Many of the orang-utans, Sumatran tigers, Javanese Rhinos and birds at Cikananga were illegally kept as domestic pets by anyone from high ranking officials to business tycoons.
The animals were status symbols, trained and domesticated -- the white cockatoos can even utter greetings in Arabic.
Getting them into the sanctuary is a battle both against their powerful owners and bureaucracy.
Suparno said owners were rarely charged once animals were seized. "We have weak law enforcement here. They can easily buy animals again," he said.

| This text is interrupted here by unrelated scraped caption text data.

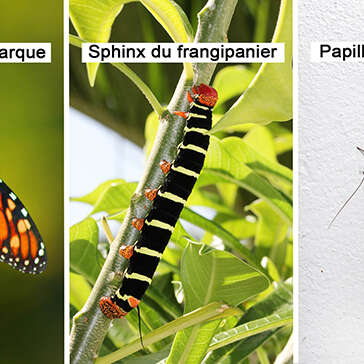 Monarque / Sphinx du frangipanier / Papillon deuil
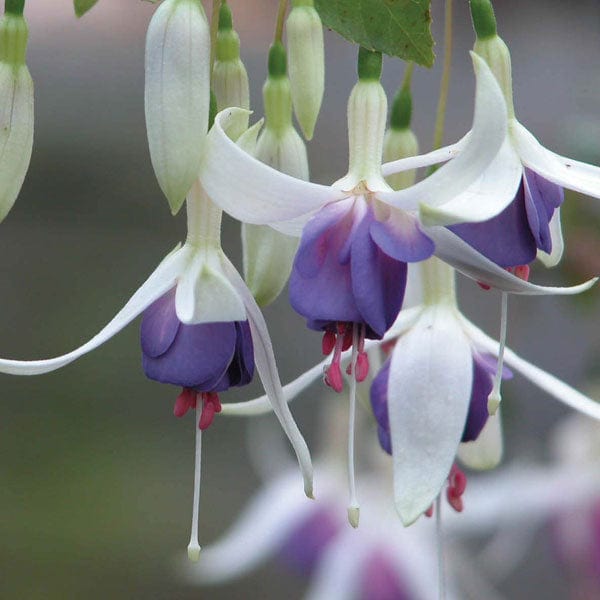 5 Young Plants Fuchsia Delta's Sarah (Hardy) Flower Plants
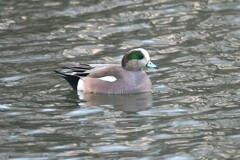 アメリカヒドリ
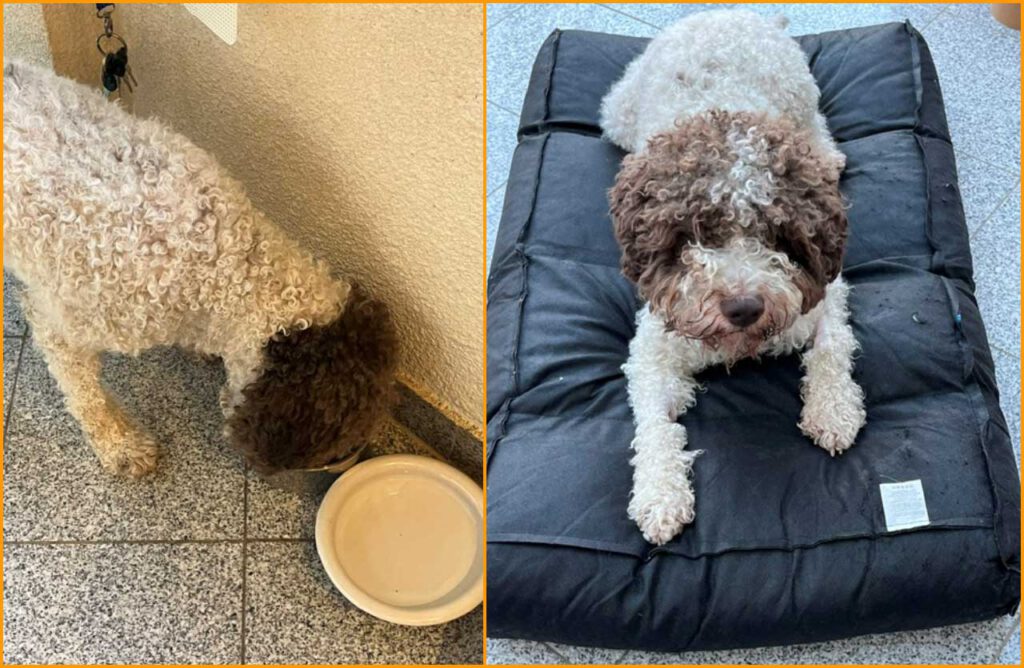 Collage nach der Tiho von Uno endlich wieder zuhause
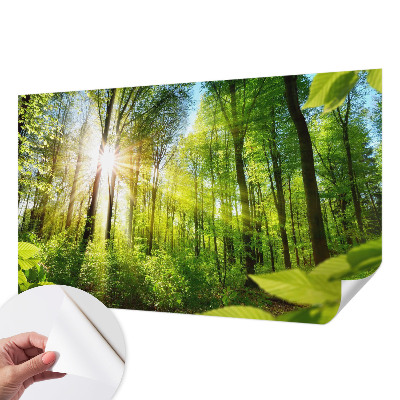 Papel mural texturado decorativo Luz del bosque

Many endangered species are traded or smuggled for use as house pets while stuffed rare animals end up in living rooms of the wealthy as house decorations. Many are smuggled abroad. "It's difficult to stop illegal trading of animals. In this country, it has become an organized crime," said Budiharto, a spokesman for the Cikananga center.
At the center, located in thick forest about 100 miles south of Jakarta, animals go through a multi-step process before being declared ready to return to their natural habitat, away from the support of their human keepers.
When animals are first brought in they are moved into specially designed cages that replicate their natural environment.
They eat what they would normally hunt or forage for in the jungle, while human contact is limited. As their natural instincts develop, the animals are moved to a giant enclosure that also aims to re-create their usual environment.
Run by local and international volunteers, the center relies on private donations and gets help from local people who provide food for the animals.
One program allows donors to "foster" animals by providing money for their food and other necessities.
Budiharto said the center had been overcrowded for some time as deforestation made it difficult to find habitats for some animals to return to.
Indonesia has the world's worst deforestation rate and some environmental groups estimate that a forested area the size of Switzerland is being lost every year.
For some of the animals, like the exotic birds, being in the sanctuary can be better than a return to the wild.
"It's not easy to release the birds. When we release them people are going to shoot them or trap them again," said French volunteer Cyril Blin.